(Supplied entries begins)

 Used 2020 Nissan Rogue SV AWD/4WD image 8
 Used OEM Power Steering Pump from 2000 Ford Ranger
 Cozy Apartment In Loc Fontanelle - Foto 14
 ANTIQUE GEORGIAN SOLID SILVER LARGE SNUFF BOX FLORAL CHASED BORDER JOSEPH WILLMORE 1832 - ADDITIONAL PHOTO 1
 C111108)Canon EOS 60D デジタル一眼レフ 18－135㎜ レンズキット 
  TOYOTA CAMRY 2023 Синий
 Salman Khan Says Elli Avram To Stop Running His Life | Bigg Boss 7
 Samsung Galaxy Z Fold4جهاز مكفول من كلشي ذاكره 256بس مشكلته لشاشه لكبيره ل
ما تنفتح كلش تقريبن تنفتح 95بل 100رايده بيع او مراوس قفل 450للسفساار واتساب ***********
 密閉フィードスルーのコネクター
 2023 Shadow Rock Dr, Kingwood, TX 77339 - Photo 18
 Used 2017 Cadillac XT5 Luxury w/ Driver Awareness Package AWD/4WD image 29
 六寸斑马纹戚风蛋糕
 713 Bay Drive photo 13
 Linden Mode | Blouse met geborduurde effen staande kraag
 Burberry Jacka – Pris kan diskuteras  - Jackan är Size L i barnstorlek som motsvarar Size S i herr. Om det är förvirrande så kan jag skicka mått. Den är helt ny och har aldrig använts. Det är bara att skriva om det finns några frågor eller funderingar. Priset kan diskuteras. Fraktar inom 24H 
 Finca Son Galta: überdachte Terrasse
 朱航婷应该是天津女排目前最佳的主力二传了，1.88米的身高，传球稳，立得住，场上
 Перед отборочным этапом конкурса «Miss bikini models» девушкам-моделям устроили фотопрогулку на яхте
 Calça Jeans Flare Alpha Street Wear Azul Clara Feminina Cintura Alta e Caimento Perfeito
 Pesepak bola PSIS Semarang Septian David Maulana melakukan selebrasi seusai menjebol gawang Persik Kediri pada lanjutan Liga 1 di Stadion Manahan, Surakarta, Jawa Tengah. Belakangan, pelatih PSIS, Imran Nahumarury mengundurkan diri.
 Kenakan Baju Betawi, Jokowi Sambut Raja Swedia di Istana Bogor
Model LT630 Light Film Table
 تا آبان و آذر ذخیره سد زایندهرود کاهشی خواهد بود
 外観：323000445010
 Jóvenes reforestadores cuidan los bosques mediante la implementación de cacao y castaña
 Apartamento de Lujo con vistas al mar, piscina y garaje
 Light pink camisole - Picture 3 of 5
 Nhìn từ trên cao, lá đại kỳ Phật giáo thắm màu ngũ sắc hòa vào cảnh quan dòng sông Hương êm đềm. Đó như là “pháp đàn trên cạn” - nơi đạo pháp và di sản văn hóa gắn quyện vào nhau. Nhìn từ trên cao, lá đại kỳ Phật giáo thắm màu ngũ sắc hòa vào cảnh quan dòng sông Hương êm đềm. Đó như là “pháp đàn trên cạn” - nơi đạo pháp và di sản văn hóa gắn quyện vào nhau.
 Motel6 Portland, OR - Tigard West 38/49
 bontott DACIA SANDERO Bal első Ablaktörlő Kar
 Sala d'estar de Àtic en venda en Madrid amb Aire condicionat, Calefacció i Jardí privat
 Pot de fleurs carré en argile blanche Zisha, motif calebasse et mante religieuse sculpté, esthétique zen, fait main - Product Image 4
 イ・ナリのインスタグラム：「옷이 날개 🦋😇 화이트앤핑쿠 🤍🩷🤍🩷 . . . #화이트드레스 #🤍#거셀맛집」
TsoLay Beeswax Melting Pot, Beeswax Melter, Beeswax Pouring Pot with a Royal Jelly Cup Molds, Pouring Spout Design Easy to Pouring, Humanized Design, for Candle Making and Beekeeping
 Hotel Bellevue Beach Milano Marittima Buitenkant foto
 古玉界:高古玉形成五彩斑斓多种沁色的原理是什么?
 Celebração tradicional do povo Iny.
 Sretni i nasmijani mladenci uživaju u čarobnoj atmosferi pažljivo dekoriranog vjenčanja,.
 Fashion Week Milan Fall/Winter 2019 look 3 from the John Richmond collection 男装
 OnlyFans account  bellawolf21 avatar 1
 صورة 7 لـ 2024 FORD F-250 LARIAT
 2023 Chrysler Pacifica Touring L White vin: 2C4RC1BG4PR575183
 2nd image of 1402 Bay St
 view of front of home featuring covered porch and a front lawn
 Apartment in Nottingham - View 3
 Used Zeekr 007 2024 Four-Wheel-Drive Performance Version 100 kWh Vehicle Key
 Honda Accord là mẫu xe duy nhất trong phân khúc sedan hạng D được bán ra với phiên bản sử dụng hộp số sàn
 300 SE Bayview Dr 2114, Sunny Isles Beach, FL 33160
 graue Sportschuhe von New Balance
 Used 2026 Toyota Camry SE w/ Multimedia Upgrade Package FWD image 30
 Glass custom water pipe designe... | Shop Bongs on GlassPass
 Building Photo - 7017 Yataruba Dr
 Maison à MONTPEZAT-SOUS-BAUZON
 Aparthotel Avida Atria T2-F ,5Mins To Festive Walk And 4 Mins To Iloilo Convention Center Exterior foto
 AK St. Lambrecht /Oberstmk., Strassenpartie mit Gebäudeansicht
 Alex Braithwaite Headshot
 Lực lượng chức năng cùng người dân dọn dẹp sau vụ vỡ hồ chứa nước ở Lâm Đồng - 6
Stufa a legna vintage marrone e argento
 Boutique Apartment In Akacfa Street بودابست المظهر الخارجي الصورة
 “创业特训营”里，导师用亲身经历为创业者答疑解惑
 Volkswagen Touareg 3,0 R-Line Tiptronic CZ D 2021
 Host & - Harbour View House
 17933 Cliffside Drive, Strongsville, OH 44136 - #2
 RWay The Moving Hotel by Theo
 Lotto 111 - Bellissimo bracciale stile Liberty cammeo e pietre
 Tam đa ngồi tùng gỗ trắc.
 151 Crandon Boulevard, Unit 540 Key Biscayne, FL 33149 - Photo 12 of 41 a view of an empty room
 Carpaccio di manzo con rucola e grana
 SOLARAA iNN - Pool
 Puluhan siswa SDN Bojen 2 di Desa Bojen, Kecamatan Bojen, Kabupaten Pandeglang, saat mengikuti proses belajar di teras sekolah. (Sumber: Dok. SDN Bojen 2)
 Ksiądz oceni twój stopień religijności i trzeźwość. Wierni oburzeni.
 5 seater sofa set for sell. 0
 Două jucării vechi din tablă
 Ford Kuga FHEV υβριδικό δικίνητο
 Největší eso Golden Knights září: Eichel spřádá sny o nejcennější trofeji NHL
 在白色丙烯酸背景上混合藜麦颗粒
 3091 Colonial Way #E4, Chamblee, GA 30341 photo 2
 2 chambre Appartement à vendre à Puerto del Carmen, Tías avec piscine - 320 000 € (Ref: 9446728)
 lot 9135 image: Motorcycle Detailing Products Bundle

(Supplied entries ends)

About this task:
Reproduce verbatim the stretch of lines beginning with the one containing "Boutique Apartment In" and ending at the close of the entries above.

Response below:
 Boutique Apartment In Akacfa Street بودابست المظهر الخارجي الصورة
 “创业特训营”里，导师用亲身经历为创业者答疑解惑
 Volkswagen Touareg 3,0 R-Line Tiptronic CZ D 2021
 Host & - Harbour View House
 17933 Cliffside Drive, Strongsville, OH 44136 - #2
 RWay The Moving Hotel by Theo
 Lotto 111 - Bellissimo bracciale stile Liberty cammeo e pietre
 Tam đa ngồi tùng gỗ trắc.
 151 Crandon Boulevard, Unit 540 Key Biscayne, FL 33149 - Photo 12 of 41 a view of an empty room
 Carpaccio di manzo con rucola e grana
 SOLARAA iNN - Pool
 Puluhan siswa SDN Bojen 2 di Desa Bojen, Kecamatan Bojen, Kabupaten Pandeglang, saat mengikuti proses belajar di teras sekolah. (Sumber: Dok. SDN Bojen 2)
 Ksiądz oceni twój stopień religijności i trzeźwość. Wierni oburzeni.
 5 seater sofa set for sell. 0
 Două jucării vechi din tablă
 Ford Kuga FHEV υβριδικό δικίνητο
 Největší eso Golden Knights září: Eichel spřádá sny o nejcennější trofeji NHL
 在白色丙烯酸背景上混合藜麦颗粒
 3091 Colonial Way #E4, Chamblee, GA 30341 photo 2
 2 chambre Appartement à vendre à Puerto del Carmen, Tías avec piscine - 320 000 € (Ref: 9446728)
 lot 9135 image: Motorcycle Detailing Products Bundle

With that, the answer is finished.